By Alexander Ragir
Dec. 15 (Bloomberg) -- Brazilian stocks rose for a second day on the prospects that the central bank may accelerate interest-rate cuts next year and surging oil prices may bolster the earnings outlook for energy companies.
Petroleo Brasileiro SA, Brazil’s state-controlled oil company, gained for a fourth day as oil advanced more than 6 percent to $49 a barrel. Rossi Residencial SA led a rally in homebuilders after Brazilian economists cut their 2009 interest rate estimate to 13 percent.

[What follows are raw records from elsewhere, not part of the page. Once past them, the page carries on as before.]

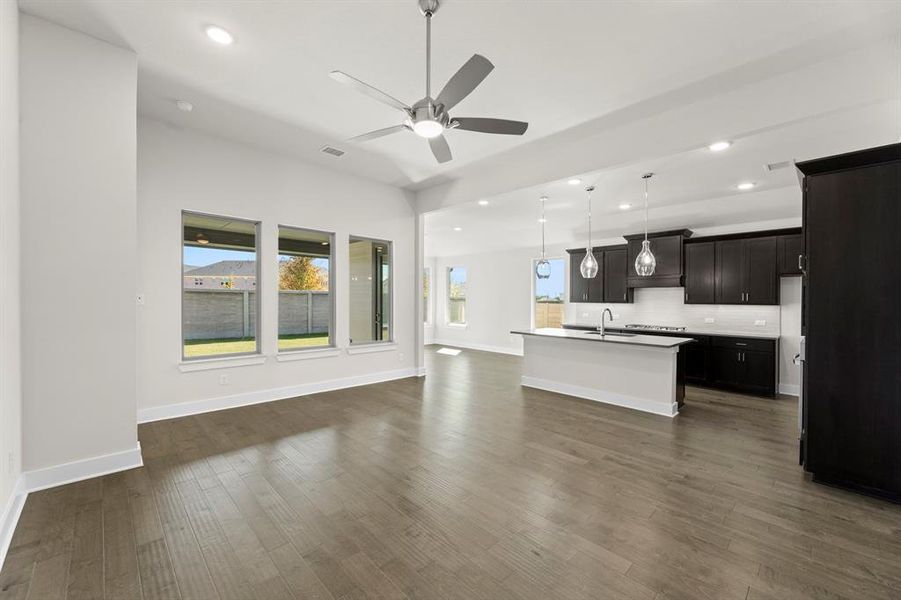 09. 2800 Andora - Family 09. 2800 Andora - Family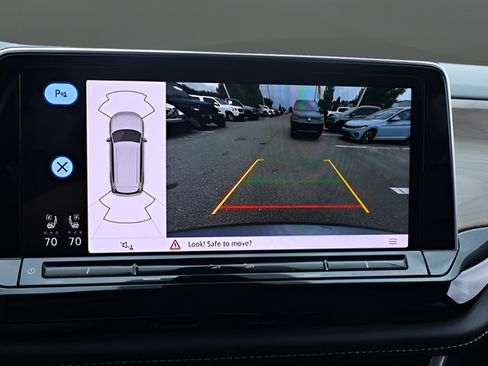 Certified 2025 Volkswagen Atlas SE AWD/4WD image 26
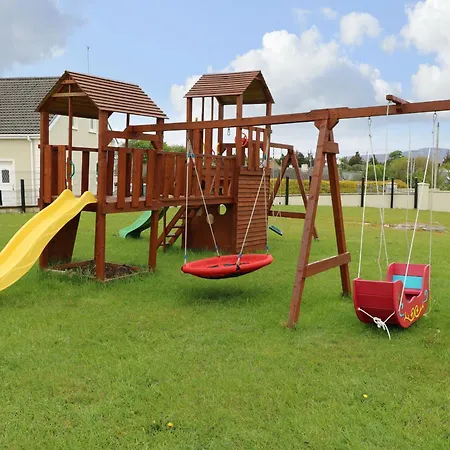 Holiday home Loughanure View *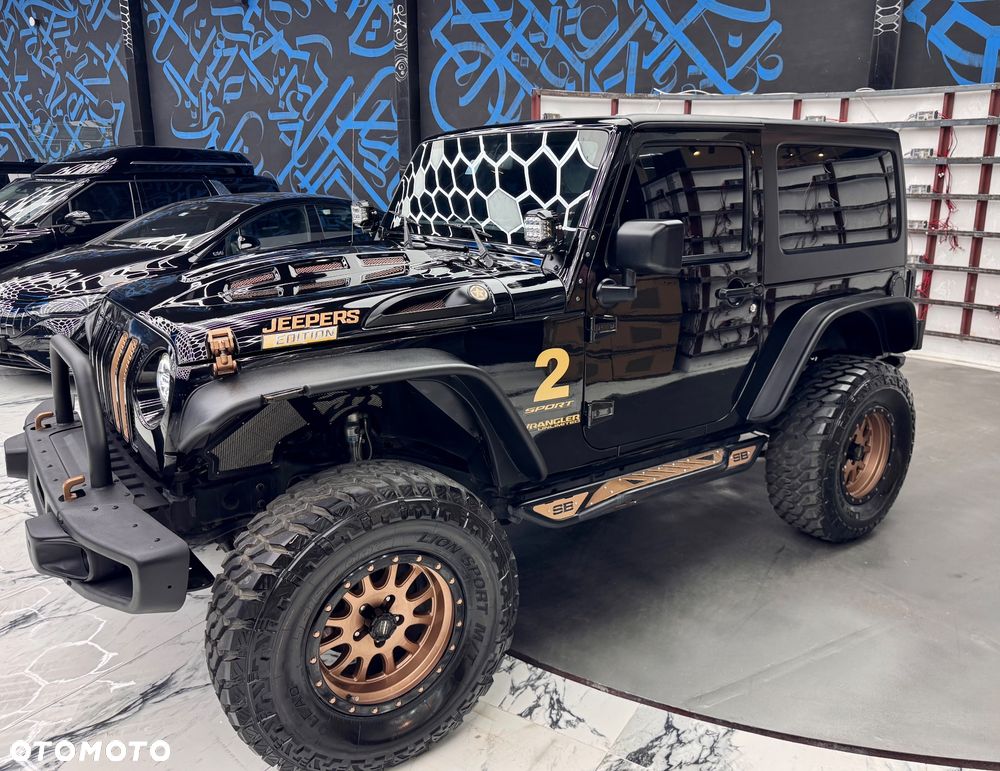 Jeep Wrangler - 5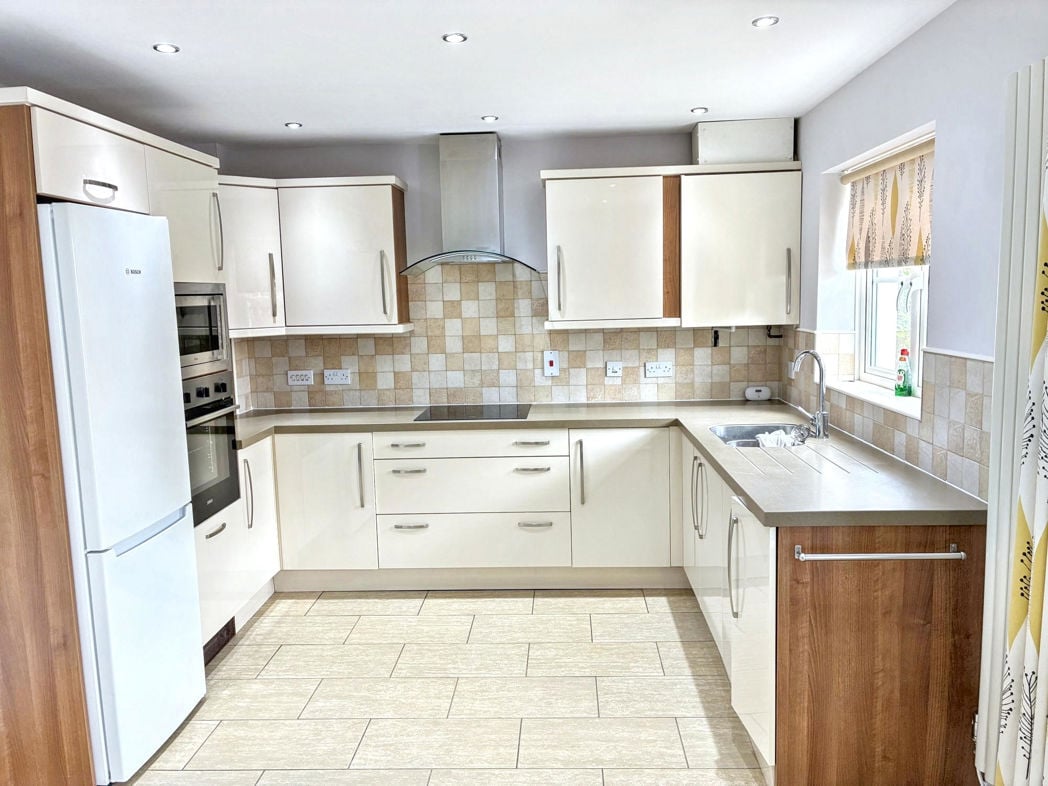 Property image 3 of 12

The Bovespa Index climbed 0.3 percent to 39,492.19 at 8:28 a.m. New York time. The gauge surged 11 percent last week. Chile’s Ipsa was little changed.
Petrobras advanced 3.5 percent to 23.40 euros. Oil rose after OPEC’s Secretary-General Abdalla El-Badri said the group needs to make a “sizeable” production cut at this week’s meeting in Algeria.
Rossi gained 4.5 percent to 3.75 reais. Brazil’s benchmark interest rate, known as Selic, will end 2009 at 13 percent, lower than a 13.25 percent forecast a week earlier, according to a central bank survey of about 100 economists.
Brazil’s central bank may signal this week it’s ready to cut rates from a two-year high, betting the slowing economy will help rein in consumer prices. Economists expect policy makers to use the minutes of their board meeting last week, to be disclosed Dec. 18, to explain why they voted unanimously to keep the benchmark rate at 13.75 percent after discussing “the possibility of lowering” it.
The BM&FBovespa Small Cap index rose 0.8 percent. The BM&FBovespa MidLarge Cap index gained 0.6 percent.